Abstract. The predictability of early primary succession in post-mining landscapes of eastern Germany was studied at sites 5–70 yr following dumping. This chronosequence was investigated using indirect ordination methods. The position of the vegetation types in the ordination diagram was found not to infer any temporal sequence. Independent observations show that the change of vegetation type is slow and does not necessarily occur among types adjacent in the ordination diagram. Furthermore, direct ordination revealed that environmental parameters such as pH, the levels of available phosphate and organic carbon as well as the age of the study sites do not significantly account for the variance. Instead, attention needs to be paid to the influence of spatial aspects and also what recultivation measures have been carried out.
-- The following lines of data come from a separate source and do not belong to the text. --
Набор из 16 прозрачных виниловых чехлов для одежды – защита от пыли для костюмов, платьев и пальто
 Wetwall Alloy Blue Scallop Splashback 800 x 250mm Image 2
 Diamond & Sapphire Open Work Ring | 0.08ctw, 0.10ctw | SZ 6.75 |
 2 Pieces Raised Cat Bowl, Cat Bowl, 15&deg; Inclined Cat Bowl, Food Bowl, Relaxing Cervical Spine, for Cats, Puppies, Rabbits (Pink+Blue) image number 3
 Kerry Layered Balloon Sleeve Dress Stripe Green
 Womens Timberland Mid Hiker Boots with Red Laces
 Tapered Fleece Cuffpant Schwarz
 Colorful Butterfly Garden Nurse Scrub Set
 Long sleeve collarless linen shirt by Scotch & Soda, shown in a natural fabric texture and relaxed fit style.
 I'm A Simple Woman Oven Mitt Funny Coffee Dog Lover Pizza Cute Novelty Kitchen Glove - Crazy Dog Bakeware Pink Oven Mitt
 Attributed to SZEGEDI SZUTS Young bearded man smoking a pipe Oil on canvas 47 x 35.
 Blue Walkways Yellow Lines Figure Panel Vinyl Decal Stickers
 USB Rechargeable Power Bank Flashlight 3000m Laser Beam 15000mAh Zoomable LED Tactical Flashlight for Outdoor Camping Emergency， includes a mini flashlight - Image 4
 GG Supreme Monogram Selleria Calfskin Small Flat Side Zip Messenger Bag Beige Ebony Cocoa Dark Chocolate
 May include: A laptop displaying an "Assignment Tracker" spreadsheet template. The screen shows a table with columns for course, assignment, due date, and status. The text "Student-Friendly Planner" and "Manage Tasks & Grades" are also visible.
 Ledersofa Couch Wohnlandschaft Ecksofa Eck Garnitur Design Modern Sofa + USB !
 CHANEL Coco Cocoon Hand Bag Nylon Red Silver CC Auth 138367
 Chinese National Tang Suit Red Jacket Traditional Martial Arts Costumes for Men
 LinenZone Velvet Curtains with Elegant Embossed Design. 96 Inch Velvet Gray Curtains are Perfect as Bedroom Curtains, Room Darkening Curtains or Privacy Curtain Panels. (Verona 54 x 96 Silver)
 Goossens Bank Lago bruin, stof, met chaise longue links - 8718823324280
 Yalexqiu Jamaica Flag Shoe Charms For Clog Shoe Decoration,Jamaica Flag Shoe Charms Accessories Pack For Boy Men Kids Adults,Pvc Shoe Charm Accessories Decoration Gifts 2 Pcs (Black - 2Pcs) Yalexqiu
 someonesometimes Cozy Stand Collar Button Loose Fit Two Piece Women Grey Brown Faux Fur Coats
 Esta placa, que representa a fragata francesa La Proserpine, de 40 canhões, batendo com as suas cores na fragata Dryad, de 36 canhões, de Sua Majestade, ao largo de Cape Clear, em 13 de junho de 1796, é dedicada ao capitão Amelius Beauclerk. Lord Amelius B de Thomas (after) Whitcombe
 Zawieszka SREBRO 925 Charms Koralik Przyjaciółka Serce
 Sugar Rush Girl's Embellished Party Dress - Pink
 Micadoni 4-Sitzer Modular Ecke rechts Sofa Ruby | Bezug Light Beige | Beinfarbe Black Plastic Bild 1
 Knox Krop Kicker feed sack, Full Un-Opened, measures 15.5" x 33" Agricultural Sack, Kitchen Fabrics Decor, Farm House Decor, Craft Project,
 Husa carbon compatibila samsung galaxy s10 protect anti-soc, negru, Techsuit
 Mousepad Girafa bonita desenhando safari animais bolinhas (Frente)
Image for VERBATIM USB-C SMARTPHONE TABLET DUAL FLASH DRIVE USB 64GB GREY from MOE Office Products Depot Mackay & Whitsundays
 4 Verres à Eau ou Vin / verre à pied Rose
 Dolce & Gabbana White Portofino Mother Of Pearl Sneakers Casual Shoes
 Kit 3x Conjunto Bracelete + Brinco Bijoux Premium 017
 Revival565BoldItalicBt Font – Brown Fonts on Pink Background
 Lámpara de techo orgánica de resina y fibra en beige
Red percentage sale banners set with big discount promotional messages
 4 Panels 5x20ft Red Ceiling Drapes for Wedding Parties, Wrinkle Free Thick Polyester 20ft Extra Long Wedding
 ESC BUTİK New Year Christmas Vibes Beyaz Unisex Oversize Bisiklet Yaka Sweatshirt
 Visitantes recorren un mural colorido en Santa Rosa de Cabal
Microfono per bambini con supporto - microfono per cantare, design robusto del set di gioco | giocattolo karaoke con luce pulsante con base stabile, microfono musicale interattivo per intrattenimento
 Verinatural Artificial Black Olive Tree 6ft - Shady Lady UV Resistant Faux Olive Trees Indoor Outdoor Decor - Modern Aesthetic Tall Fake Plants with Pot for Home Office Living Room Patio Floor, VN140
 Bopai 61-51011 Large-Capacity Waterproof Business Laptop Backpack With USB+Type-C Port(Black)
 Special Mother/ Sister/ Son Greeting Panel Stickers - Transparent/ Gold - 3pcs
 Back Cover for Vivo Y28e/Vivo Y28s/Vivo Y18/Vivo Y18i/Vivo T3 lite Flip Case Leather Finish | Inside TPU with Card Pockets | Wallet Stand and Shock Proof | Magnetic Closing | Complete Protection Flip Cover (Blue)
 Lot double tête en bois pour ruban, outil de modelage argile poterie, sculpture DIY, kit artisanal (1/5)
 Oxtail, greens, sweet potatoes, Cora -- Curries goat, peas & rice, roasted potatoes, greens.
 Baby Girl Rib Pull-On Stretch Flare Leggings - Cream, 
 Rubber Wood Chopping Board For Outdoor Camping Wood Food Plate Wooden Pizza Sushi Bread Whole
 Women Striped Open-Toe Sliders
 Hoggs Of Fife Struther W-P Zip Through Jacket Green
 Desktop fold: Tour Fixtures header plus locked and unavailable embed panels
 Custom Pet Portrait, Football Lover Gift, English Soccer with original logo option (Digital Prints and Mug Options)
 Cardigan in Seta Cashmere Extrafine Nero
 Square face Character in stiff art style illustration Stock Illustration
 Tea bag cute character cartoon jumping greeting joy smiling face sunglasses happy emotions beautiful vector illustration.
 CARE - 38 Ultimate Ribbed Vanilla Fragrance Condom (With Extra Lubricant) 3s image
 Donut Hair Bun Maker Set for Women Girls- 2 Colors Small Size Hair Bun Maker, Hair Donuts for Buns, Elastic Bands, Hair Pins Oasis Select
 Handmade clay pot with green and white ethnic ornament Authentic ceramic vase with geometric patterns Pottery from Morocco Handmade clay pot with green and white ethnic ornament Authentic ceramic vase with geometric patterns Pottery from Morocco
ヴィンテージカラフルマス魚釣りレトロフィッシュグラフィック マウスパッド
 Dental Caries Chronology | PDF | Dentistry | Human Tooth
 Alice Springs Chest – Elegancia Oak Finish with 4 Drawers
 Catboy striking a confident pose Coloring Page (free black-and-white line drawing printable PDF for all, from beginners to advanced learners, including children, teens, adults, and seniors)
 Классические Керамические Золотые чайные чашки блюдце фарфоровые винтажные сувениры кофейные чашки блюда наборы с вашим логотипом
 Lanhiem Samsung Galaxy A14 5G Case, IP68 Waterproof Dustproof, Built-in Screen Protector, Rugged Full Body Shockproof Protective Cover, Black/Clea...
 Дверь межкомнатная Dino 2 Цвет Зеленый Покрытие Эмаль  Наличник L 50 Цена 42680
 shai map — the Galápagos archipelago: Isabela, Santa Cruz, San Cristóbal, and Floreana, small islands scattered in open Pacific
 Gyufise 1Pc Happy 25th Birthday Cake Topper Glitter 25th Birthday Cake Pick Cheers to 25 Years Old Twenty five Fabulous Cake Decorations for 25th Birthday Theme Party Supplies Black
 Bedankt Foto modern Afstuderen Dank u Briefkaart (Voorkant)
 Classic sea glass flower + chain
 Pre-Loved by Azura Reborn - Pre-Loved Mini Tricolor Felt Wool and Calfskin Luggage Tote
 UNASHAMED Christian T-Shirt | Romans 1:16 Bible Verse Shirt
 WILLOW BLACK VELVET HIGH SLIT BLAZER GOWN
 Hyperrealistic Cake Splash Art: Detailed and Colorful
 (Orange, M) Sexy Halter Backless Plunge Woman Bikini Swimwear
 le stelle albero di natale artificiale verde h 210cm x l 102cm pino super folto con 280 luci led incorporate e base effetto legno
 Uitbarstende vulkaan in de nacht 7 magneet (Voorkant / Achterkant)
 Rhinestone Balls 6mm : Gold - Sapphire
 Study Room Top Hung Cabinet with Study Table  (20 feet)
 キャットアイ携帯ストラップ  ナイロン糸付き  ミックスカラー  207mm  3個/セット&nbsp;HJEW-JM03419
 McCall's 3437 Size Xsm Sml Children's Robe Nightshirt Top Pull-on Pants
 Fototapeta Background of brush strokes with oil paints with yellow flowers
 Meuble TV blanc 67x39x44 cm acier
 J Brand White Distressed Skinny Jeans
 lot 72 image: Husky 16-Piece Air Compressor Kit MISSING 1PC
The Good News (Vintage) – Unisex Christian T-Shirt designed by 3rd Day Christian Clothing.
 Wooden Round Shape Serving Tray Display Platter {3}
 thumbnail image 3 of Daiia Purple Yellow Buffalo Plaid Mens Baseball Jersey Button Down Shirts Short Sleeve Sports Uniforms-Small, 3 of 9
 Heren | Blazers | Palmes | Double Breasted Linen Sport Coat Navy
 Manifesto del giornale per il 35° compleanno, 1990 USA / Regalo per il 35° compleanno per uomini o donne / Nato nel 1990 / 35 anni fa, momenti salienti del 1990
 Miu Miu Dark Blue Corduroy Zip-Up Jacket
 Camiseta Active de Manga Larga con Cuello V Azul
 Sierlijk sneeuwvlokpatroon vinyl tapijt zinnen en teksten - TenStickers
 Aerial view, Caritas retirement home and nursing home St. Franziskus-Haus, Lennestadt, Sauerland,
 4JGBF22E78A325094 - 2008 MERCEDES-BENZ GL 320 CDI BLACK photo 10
A detailed account of the vegetation dynamics of individual sample plots showed - depending on the respective vegetation type - divergence, convergence, and fluctuation at the smallest spatial scale. While the species richness of the sample plots remained more or less constant after initial colonization, mean vegetation cover continuously increases with age, although some sites still remain free of vegetation after as long as 70 yr. No general trend in dominant life forms was indicated. A conceptual model of early succession mechanisms is outlined and five basic mechanisms are identified (i.e. site availability, site suitability, availability of diaspores, strategies of colonizing species and biotic interactions). Their respective importance in three different stages of early succession is estimated and compared. The predictability of vegetation dynamics at each stage is rated differently.